For files, sockets, or any Read/Write source. All four directions are covered; pick by which side you control and which direction the bytes flow.

use std::io::{Read, Write};
use compcol::{Algorithm, gzip::Gzip};
use compcol::io::{EncoderWriter, DecoderReader};

// Write plaintext, get a compressed file.
let file = std::fs::File::create("hello.txt.gz")?;
let mut w = EncoderWriter::new(file, Gzip::encoder());
w.write_all(b"hello, gzip\n")?;
let _file = w.finish()?;                  // returns the inner File

// Read a compressed file as if it were plain text.
let file = std::fs::File::open("hello.txt.gz")?;
let mut r = DecoderReader::new(file, Gzip::decoder());
let mut decoded = String::new();
r.read_to_string(&mut decoded)?;
# Ok::<(), std::io::Error>(())

EncoderReader (compressed source out of a plain reader) and DecoderWriter (plain output out of a compressed writer) round out the set. Writers call finish on Drop best-effort — call finish() explicitly to catch errors. Requires the std feature.

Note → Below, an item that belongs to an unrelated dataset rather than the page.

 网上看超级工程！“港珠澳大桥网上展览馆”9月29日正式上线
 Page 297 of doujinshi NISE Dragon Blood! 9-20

Driving the trait directly

use compcol::gzip::{Encoder, Decoder};
use compcol::{Encoder as _, Decoder as _, Status};

let input = b"hello world hello world hello world";

// Encode.
let mut enc = Encoder::new();
let mut buf = [0u8; 256];
let mut encoded = Vec::new();
let mut consumed = 0;
while consumed < input.len() {
    let (p, status) = enc.encode(&input[consumed..], &mut buf).unwrap();
    encoded.extend_from_slice(&buf[..p.written]);
    consumed += p.consumed;
    if matches!(status, Status::InputEmpty) { break; }
}
loop {
    let (p, status) = enc.finish(&mut buf).unwrap();
    encoded.extend_from_slice(&buf[..p.written]);
    if matches!(status, Status::StreamEnd) { break; }
}

// Decode.
let mut dec = Decoder::new();
let mut decoded = Vec::new();
let mut c2 = 0;
while c2 < encoded.len() {
    let (p, status) = dec.decode(&encoded[c2..], &mut buf).unwrap();
    decoded.extend_from_slice(&buf[..p.written]);
    c2 += p.consumed;
    if matches!(status, Status::StreamEnd | Status::InputEmpty) { break; }
}
loop {
    let (p, status) = dec.finish(&mut buf).unwrap();
    decoded.extend_from_slice(&buf[..p.written]);
    if matches!(status, Status::StreamEnd) { break; }
}
assert_eq!(decoded, input);

Runtime selection via the factory

use compcol::{factory, Encoder as _, Decoder as _};

let mut enc = factory::encoder_by_name("gzip")
    .expect("gzip not compiled in");

let mut out = [0u8; 1024];
let p = enc.encode(b"hello", &mut out).unwrap();
// ...

println!("available algorithms: {:?}", factory::names());

factory::extension(name) returns the conventional file extension for each algorithm (e.g. "gz" for gzip, "zst" for zstd).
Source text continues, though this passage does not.